The Press-Tribune Roseville, California Tuesday, August 24, 1965 - Page 14
A Paper Curtain Of Our Own
We sneer at the Communists for their iron and bamboo curtains, forgetting we have a paper curtain of our own.
If you have a passport, look at the fine print inside. It tells you what countries you can't visit. If you've used it recently, there's a rubber-stamped notation that you can't go to Cuba, either.
The Supreme Court has recently upheld the State Department's refusal to validate a citizen's passport for travel to Cuba “to make me a better informed citizen.”
In a dissent—which we predict one day will become part of a majority opinion—Justice Douglas delivers himself of some sensible thoughts:
The right to travel, the court has held, is part of the citizen's liberty under the First Amendment. There are areas in which travel may be banned; a raging pestilence could infect not only the traveler but also those with whom lie comes in contact after returning; a theater of war may be too dangerous for travel.

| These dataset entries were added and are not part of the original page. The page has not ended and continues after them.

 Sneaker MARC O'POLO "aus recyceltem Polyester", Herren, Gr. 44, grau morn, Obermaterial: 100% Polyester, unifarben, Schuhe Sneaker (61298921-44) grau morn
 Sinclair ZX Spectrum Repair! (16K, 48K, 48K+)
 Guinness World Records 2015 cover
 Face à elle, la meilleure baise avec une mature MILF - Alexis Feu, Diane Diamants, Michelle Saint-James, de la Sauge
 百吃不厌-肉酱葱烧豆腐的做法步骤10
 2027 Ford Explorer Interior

“But the only so-called danger present here is the Communist regime in Cuba. The world, however, is filled with Communist thought … if we are to know them and understand them, we might mingle with them … The First Amendment presupposes a ‘mature people, not afraid of ideas …”

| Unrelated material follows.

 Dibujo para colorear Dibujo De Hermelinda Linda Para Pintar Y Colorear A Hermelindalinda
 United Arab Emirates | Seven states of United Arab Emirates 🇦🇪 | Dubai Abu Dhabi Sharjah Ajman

But Justice Douglas is presently in the minority, and the State Department can forbid travel to Cuba. Its most recent and perhaps most ridiculous refusal was in the case of Bobby Fischer, America's best chess player, who was prevented from attempting an international tournament in Havana, presumably because he might be brainwashed.
Fischer has arranged to take part in the tournament by telephone, while his colleagues from nations of all shades of political opinion sit in Havana and meditate upon American timidity. The State Department must at all costs preserve this paper curtain it has erected. We suggest it send out a crew of CIA frog-men to cut the telephone cable out of Miami to keep Fischer and the rest of us oh, so unsullied by any contact with residents of (you should pardon the expression) Cuba.